Clint Haslerig

No. 48, 39
- Position: Wide receiver

Personal information
- Born: April 9, 1952 (age 74) Cincinnati, Ohio, U.S.
- Listed height: 6 ft 0 in (1.83 m)
- Listed weight: 233 lb (106 kg)

Career information
- High school: St. Xavier (Cincinnati)
- College: Michigan
- NFL draft: 1974: 4th round, 83rd overall pick

Career history
- Chicago Bears (1974); Buffalo Bills (1974–1975); Minnesota Vikings (1975); New York Jets (1976);

Awards and highlights
- First-team All-Big Ten (1973);
- Stats at Pro Football Reference

= Clint Haslerig =

American football player (born 1952)

Clinton Edward Haslerig (Pronounced: HAZEL-rig) (born April 9, 1952) is an American former professional football player who was a wide receiver in the National Football League (NFL). He played college football for the Michigan Wolverines from 1971 to 1973 and in the NFL from 1974 to 1976 for the Chicago Bears, Buffalo Bills, Minnesota Vikings, and New York Jets.

==Early life==
Clint Haslerig was born in Cincinnati, Ohio, and attended St. Xavier High School. He was a star athlete for St. Xavier in football and track and was inducted into the school's Hall of Fame in 1991. In the profile of Haserlig written at the time of his induction into the Hall of Fame, the author noted, "This man was a physically imposing specimen who had tremendous speed and strength." In track, he ran the 880 relay.
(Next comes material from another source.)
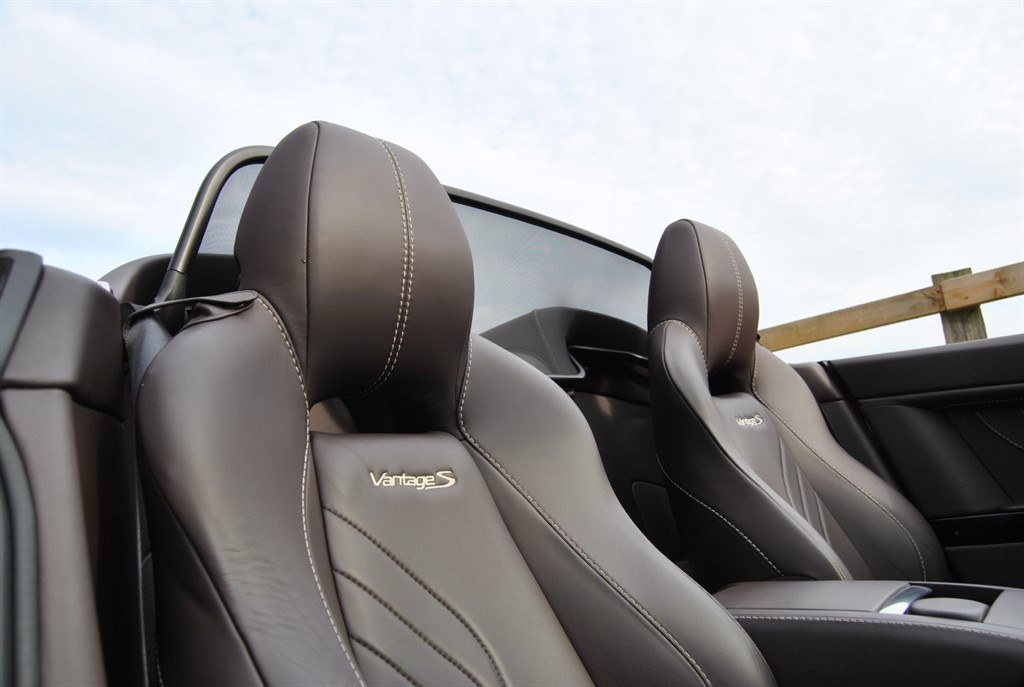 Used Aston Martin Vantage 2012 for sale - 76140476: Photo 17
As a junior, he caught 20 passes as the split end for the only undefeated football team in St. Xavier history. He graduated in 1970.

==College football==
He played college football as a wingback and flanker for the University of Michigan from 1971 to 1973. He was a starter for the 1972 and 1973 Michigan Wolverines football teams that compiled a record of 10–1–1.
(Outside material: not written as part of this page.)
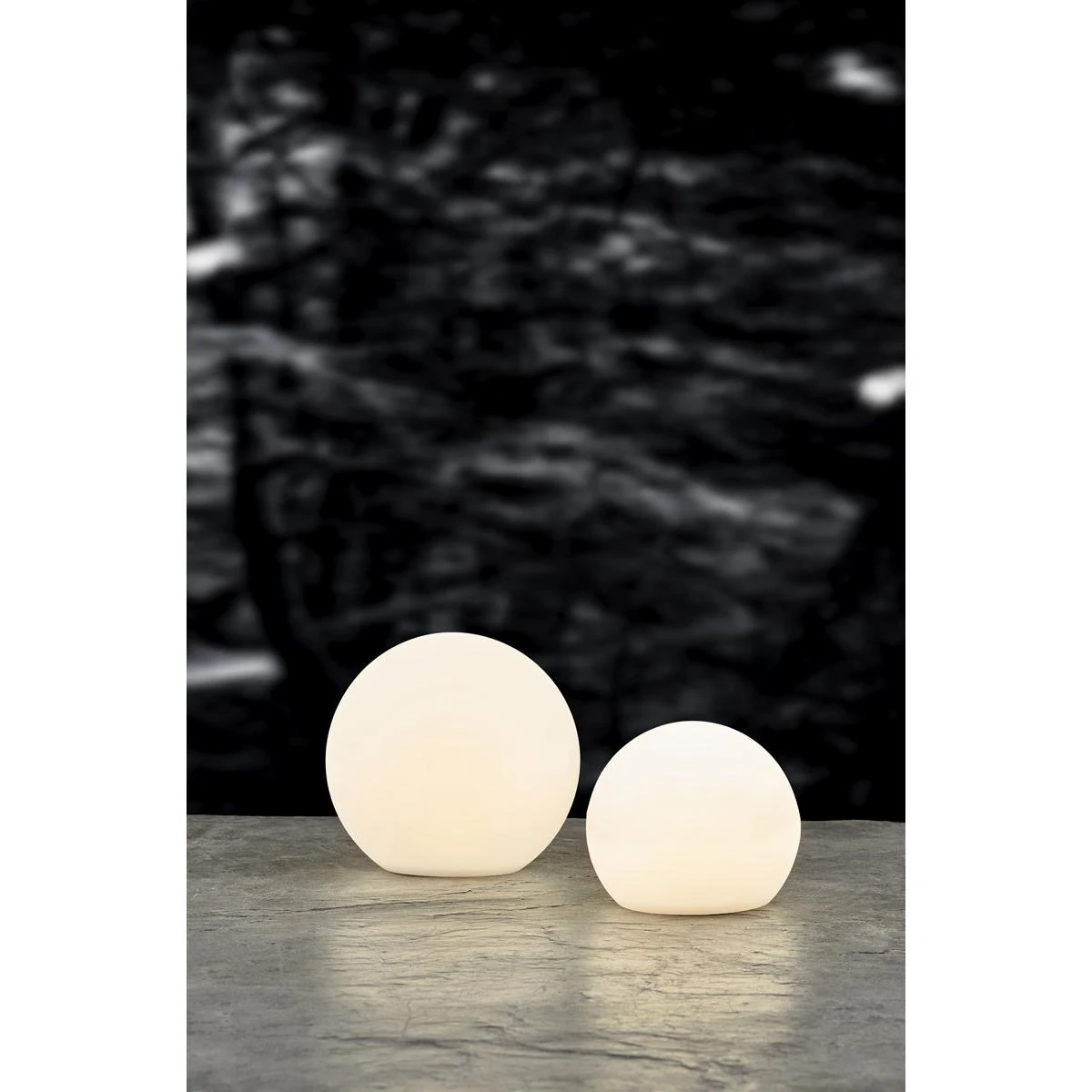 Villa Collection Maane Led Lamp Met Solar Wit - 20 X 18 Cm 4 Villa Collection Maane Led Lamp Met Solar Wit - 20 X 18 Cm - Afbeelding 2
During his football career at Michigan, Haslerig totaled 856 all-purpose yards, including 434 receiving yards, 256 rushing yards, and 167 yards on kickoff returns. His longest gains for Michigan both came against Purdue — a 52-yard reception in 1972 and a 41-yard reception in 1973.
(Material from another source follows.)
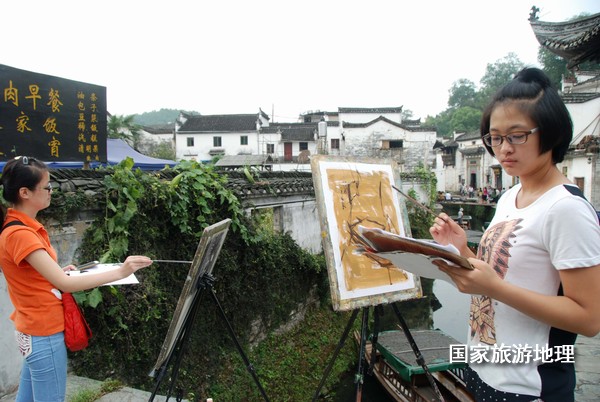 　　9月13日，座落在婺源縣秋口鎮(zhèn)李坑村“小橋、流水、人家”創(chuàng)作寫生基地的李坑章文灑店農(nóng)家樂。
In the fourth quarter of the 1972 Ohio State game, Haslerig caught a three-yard pass from Dennis Franklin for a two-point conversion. With 43 seconds remaining in the same game, Haslerig caught a pass at the Ohio State 11-yard-line to set up a possible winning touchdown, but the Wolverines failed to convert and lost 14–11. In his final game for Michigan, he caught five passes for 64 yards in 10–10 tie against Ohio State in 1973. After his final game, The Michigan Daily asked, "Who can forget wingback Clint Haslerig and those perfect pass patterns he ran? Certainly not the Ohio secondary." He was selected as an All-Big Ten player in 1973.

==Professional football==
Haslerig later played professional football for three seasons for the Chicago Bears (1974), Buffalo Bills (1974–1975), Minnesota Vikings (1975), and New York Jets (1976). He appeared in 26 NFL games, mostly on special teams. He also had two pass receptions for 28 yards, both during his tenure with the Vikings in 1975.

==Later life==
As of 1991, Haslerig was living in California and working as a partner in a consulting firm. He also served as the National Director of Communications and Marketing for the National Alliance of African American Athletes.